First Test, Colombo, day two (close): New Zealand 515-7 dec v Sri Lanka 4-1
Stephen Fleming denied himself the chance to become the first Kiwi to score a triple century in Colombo.
The skipper, who amassed an unbeaten 274 after nearly 11 hours at the crease, declared New Zealand's innings on 515-7 late on the second day.
The previous best score by a New Zealand batsman was Martin Crowe's 299, scored in 1991 against Sri Lanka.
Fleming, who resumed play on 112 in his side's overnight total of 207-2, survived three chances before overtaking the unbeaten 174 he scored against the same opposition six years ago.
TOP NEW ZEALAND TEST SCORES
299 - Martin Crowe, v SL in Hamilton, 1991
274* - Stephen Fleming, v SL in Colombo, 2003
267* - Bryan Young, v SL in Dunedin, 1997
259 - Glenn Turner, v WI in Guyana, 1972
239 - Graham Dowling, v Ind in Christchurch, 1968
The declaration proved to be a stroke of tactical genius as the weary hosts lost Marvan Atapattu lbw to Daryl Tuffey in the first over before reaching 4-1 when bad light stopped play early.
New Zealand capitalised on dreadful Sri Lankan fielding to push their tally out, Mahela Jayawardene the worst culprit with three dropped catches.
In all, Sri Lanka's fielders missed five chances in the morning session.
Prabath Nissanka allowed a hook from Fleming to drop in front of him at deep fine-leg.
When Fleming miscued another hook shot, Jayawardene ran back from slip and got underneath it, but could not grasp the difficult chance.
It's set up the Test. The personal side will sink in later, but I'm delighted I was able to play a hand
Fleming reflects on his innings
Fleming moved from 121 to 140 when he survived again, this time Jayawardene fumbling an edge in the slips off debutant leg-spinner
Sanath Jayasuriya was also guilty of a missed
chance as he spilled a catch at gully off Mathew Sinclair.
But three runs later Sinclair was caught off Dharmasena for 17.
Meanwhile, Fleming reached 200 with his 22nd boundary, sweeping off-spinner Kumar Dharmasena for four through mid-wicket.
Scott Styris should have gone on 16 when Jayawardene dropped another catch, once again off Lokuarachchi.
Strris eventually fell for 63 to Dharmasena after sharing in 157 runs with his captain for the fourth wicket.
We dropped about 10 chances.
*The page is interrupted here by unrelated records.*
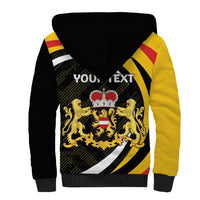 Personalized Belgium Flemish Brabant Sherpa Hoodie
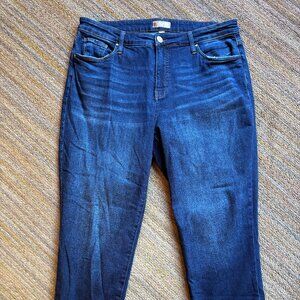 Kut from the Kloth Rachael Fab Ab Mom Jean Women's 14W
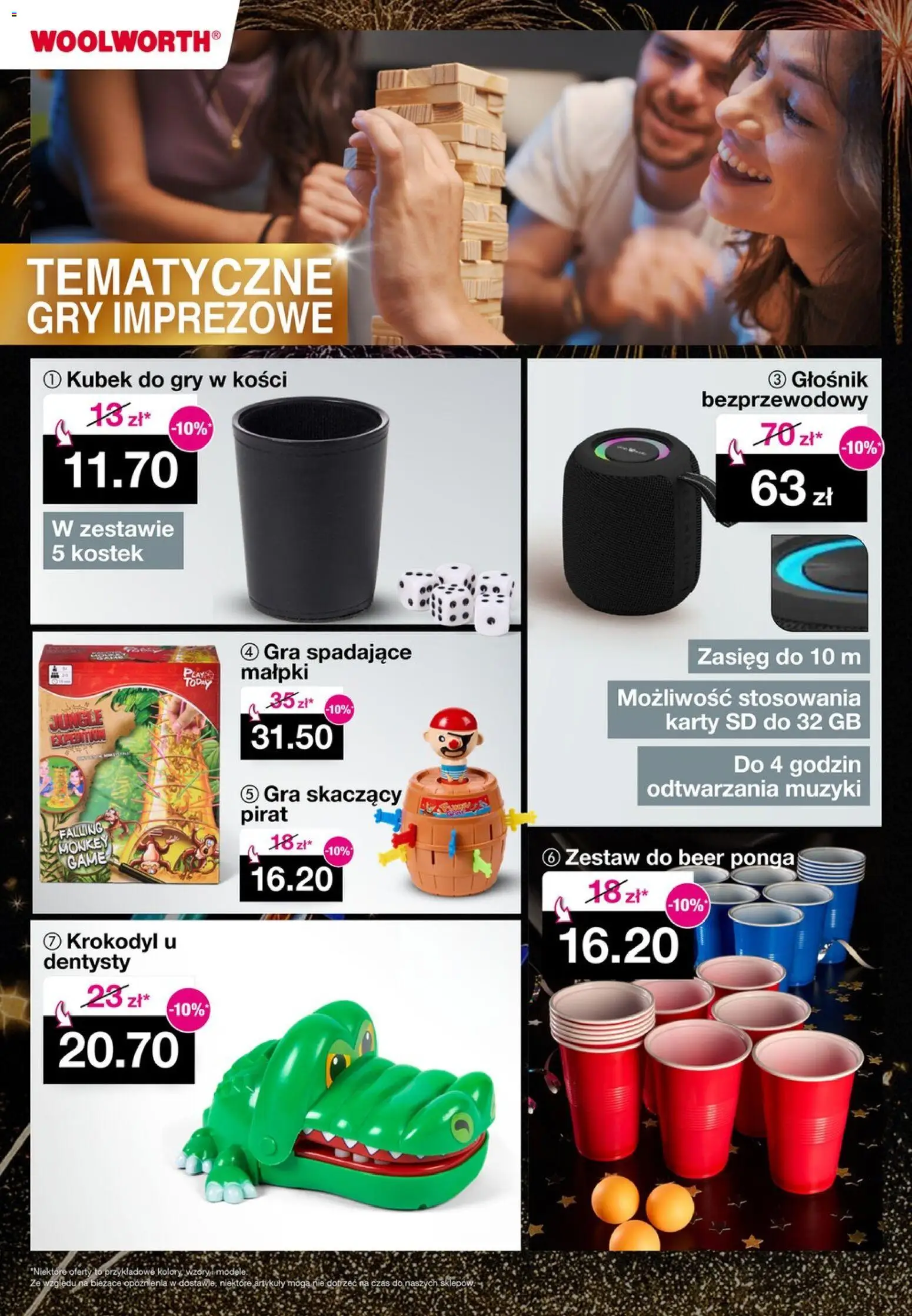Woolworth Gazetka od 12.12.2025 | Strona: 19 | Produkty: Gra, Głośnik, Gry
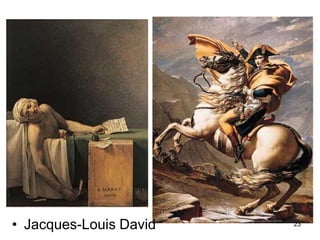• Jacques-Louis David   23
 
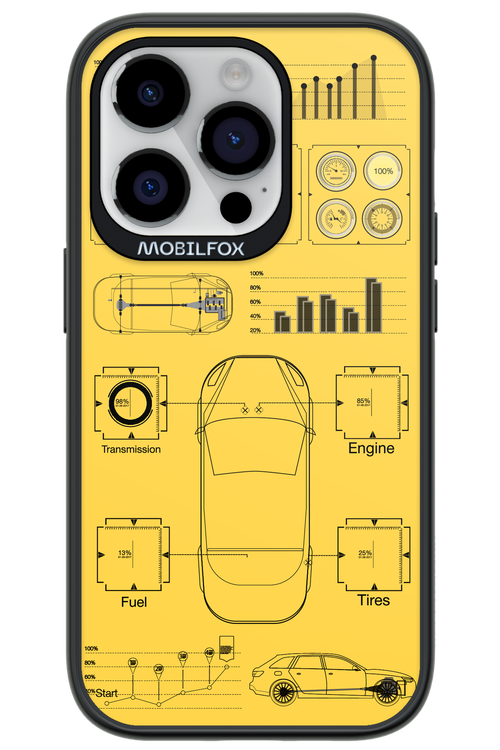 Grid Shift - Apple iPhone 14 Pro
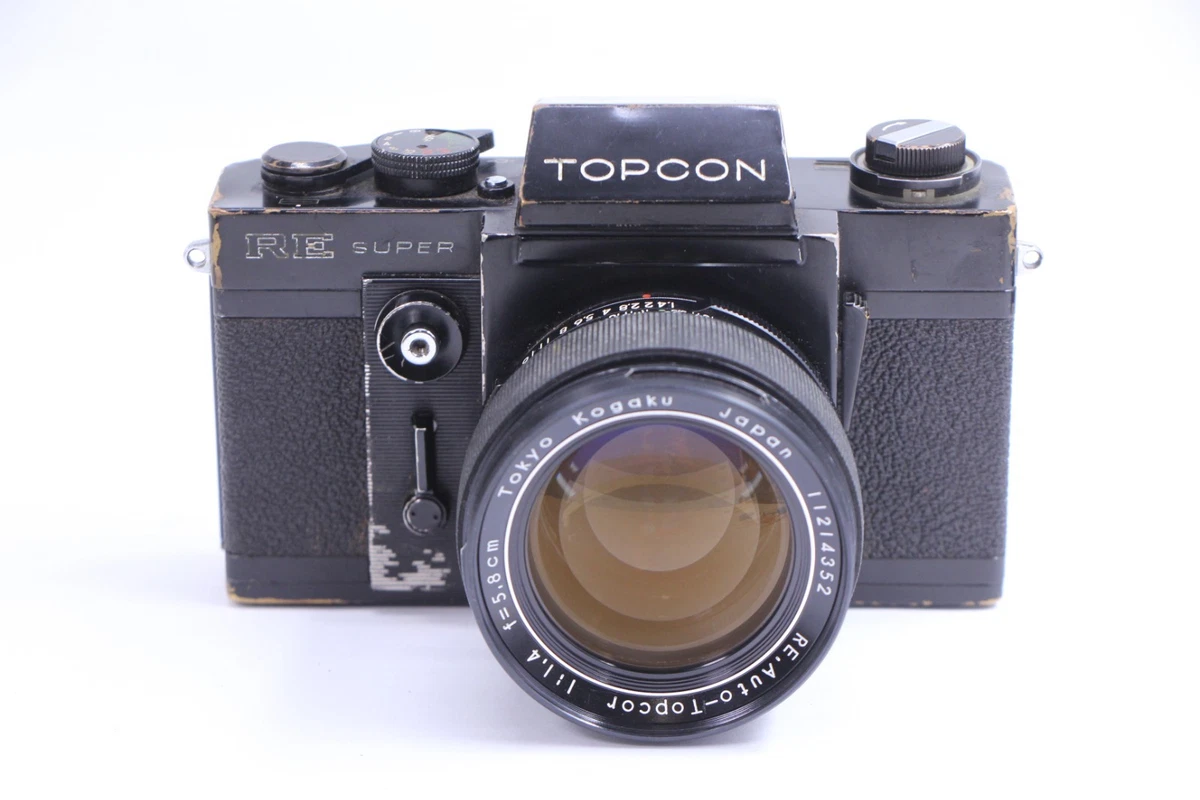 Topcon Re Super Film Cameras for sale - eBay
I think it was a lack of concentration
Sri Lanka coach Duleep Mendis
One of the most striking aspects of the day's play was the poor form of Muttiah Muralitharan.
It was not until midway through the evening session - and 55 fruitless overs - that the off-spinner struck for the first time, having Jacob Oram caught for 33.
He soon took another, this time Jawardene holding onto one, to remove keeper Robbie Hart cheaply.
Fleming watched from the other end as Dharmasena trapped Daniel Vettori in front for his third wicket and as Paul Wiseman clobbered 16 runs off seven balls.
It was during Murali's 59th over that the tireless Kiwi leader called time on the innings and, selflessly, a truly great knock.
New Zealand: Stephen Fleming (capt), Matthew Horne, Mark
Richardson, Matthew Sinclair, Scott Styris, Robbie Hart, Jacob Oram,
Daryl Tuffey, Daniel Vettori, Paul Wiseman, Shane Bond.
Sri Lanka: Hashan Tillakaratne (capt), Sanath Jayasuriya, Marvan
Atapattu, Kumar Sangakkara, Mahela Jayawardena, Romesh
Kaluwitharana, Muttiah Muralitharan, Kumar Dharmasena, Kaushalya
Lokuarachchi, Chaminda Vaas, Prabath Nissanka.